Der kürzlich verstorbene Klaus Bednarz hat gesagt: „Monitor“ müsse der „Anwalt derer sein, die sich sonst kaum Gehör verschaffen können. Trifft das heute noch im Internet-Zeitalter zu?

Auf jeden Fall. Wer meint, die Kakophonie des Netzes ersetzt das, wofür Journalismus steht, der täuscht sich. Es kann sich dort zwar jeder äußern, das heißt aber nicht, dass auch jeder gehört wird.

Ist „Team Wallraff“ bei RTL eine Konkurrenz für Sie?

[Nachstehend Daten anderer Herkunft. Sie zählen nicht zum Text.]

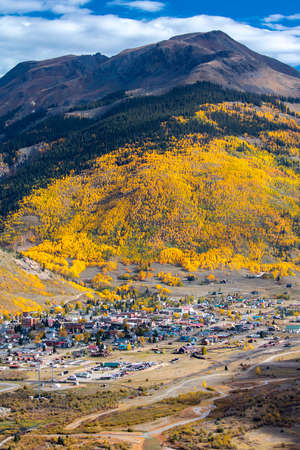 September 19, 2018. Silverton, Colorado, USA - Distant view of historic mining town im Autumn, Silverton, Colorado Route 550のeditorial素材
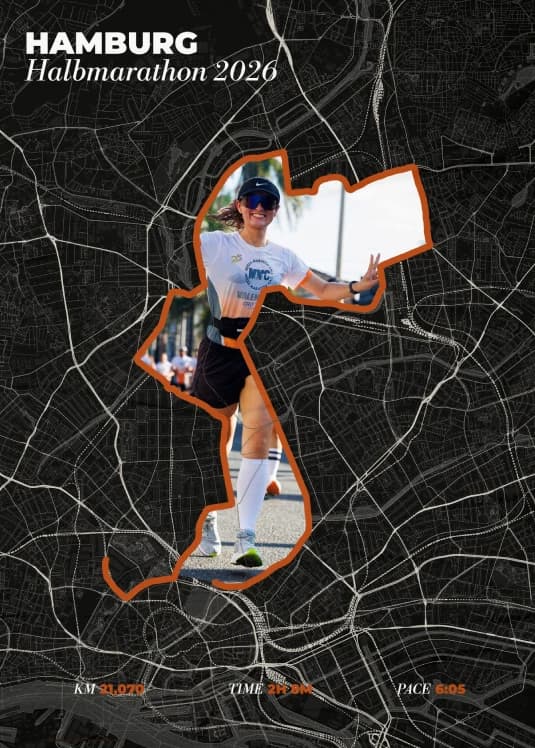 Poster vom Hamburger Halbmarathon: dunkle Karte, die Route in Orange rahmt das Foto einer Läuferin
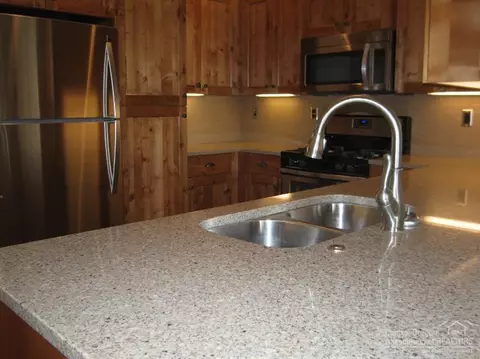 20784 NE Smoke Stack, Bend, OR 97701 photo 3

Nein, im Gegenteil. Wenn der investigative Habitus, der bei „Team Wallraff“ zum Ausdruck gebracht wird, auch für jüngere Zuschauer wieder attraktiv wird, finden wir das gut und richtig. Aber wir wollen keine Schmuddelecken bei Burger King aufdecken. Uns geht es um ganz andere Themen.

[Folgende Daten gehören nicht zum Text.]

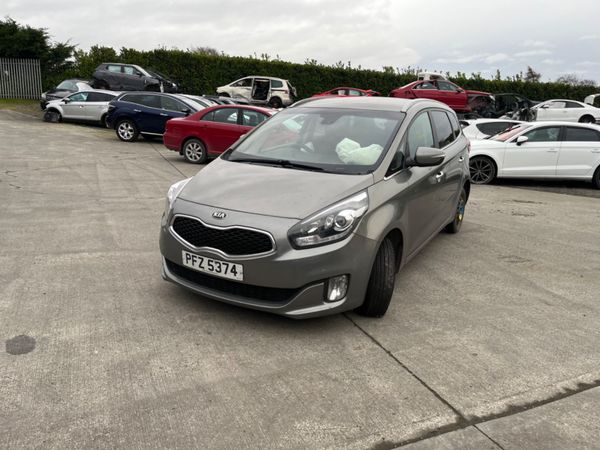 Kia Carens , Diesel, 2013, 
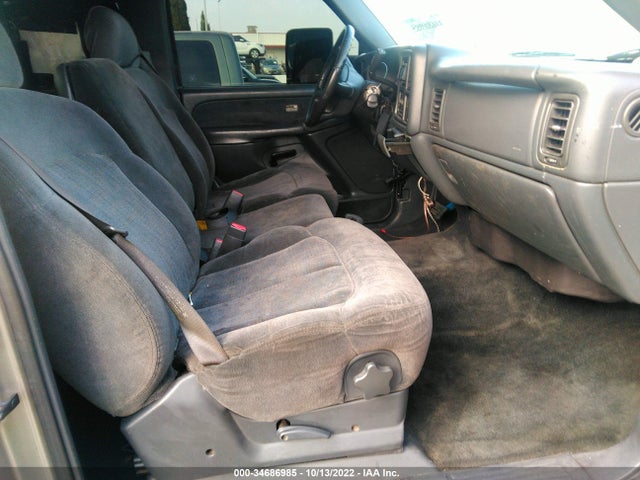 2002 CHEVROLET SILVERADO 1500 LS VIN: 2GCEC19V221322938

Wie hoch ist der Altersschnitt Ihrer Zuschauer?

Wir liegen wie die ARD insgesamt bei rund 60 Jahren, aber wir schauen nicht mehr nur auf die Fernsehquoten. Allein unser Video zum Thema EU-Trinkwasserverordnung ist bei uns weit über eine Million Mal im Netz abgerufen worden, der Altersschnitt lag bei unter 35 Jahren. Das zeigt: Es gibt auch bei jungen Zuschauern eine Lust am Investigativen und an komplexen Stoffen.

Sie erreichen im Fernsehen zwischen 2,5 und gut drei Millionen Zuschauer. Ab wann wird es bedrohlich?

Ich erkenne keinerlei Anhaltspunkte dafür, dass die ARD oder der WDR sich von seinen politischen Magazinen verabschieden will.

Sie sind im Dezember aus der Rolle des journalistischen Beobachters herausgetreten und haben bei einer Demonstration gegen Kögida in Köln eine Rede gehalten. Welche Reaktionen haben Sie erhalten?

Fast nur positive. Schon Klaus Bednarz und Sonia Mikich haben sich gesellschaftlich eingemischt, und ich tue das auch. Ich verstehe mich nicht als neutrale Moderatorenfigur, sondern bin ein politisch denkender Kopf und bringe das auch zum Ausdruck.

Dann stimmen Sie Hanns Joachim Friedrichs nicht zu, der sagte, ein Journalist dürfe sich mit keiner Sache gemeinmachen, auch nicht mit einer guten?

Ich bin entschieden anderer Meinung. Journalisten dürfen und sollen sogar Haltungen haben – und sie auch zeigen. Wo kämen wir hin, wenn es tausende Tote im Mittelmeer gibt und wir den riesigen Flüchtlings-Skandal, der beendet werden muss, nicht als solchen benennen dürften? Was heißt denn „nicht gemeinmachen“? Heißt das, dass wir danebenstehen müssen und sagen: Schaut’s euch an?

Es geht wohl eher darum, über Themen neutral und distanziert zu berichten.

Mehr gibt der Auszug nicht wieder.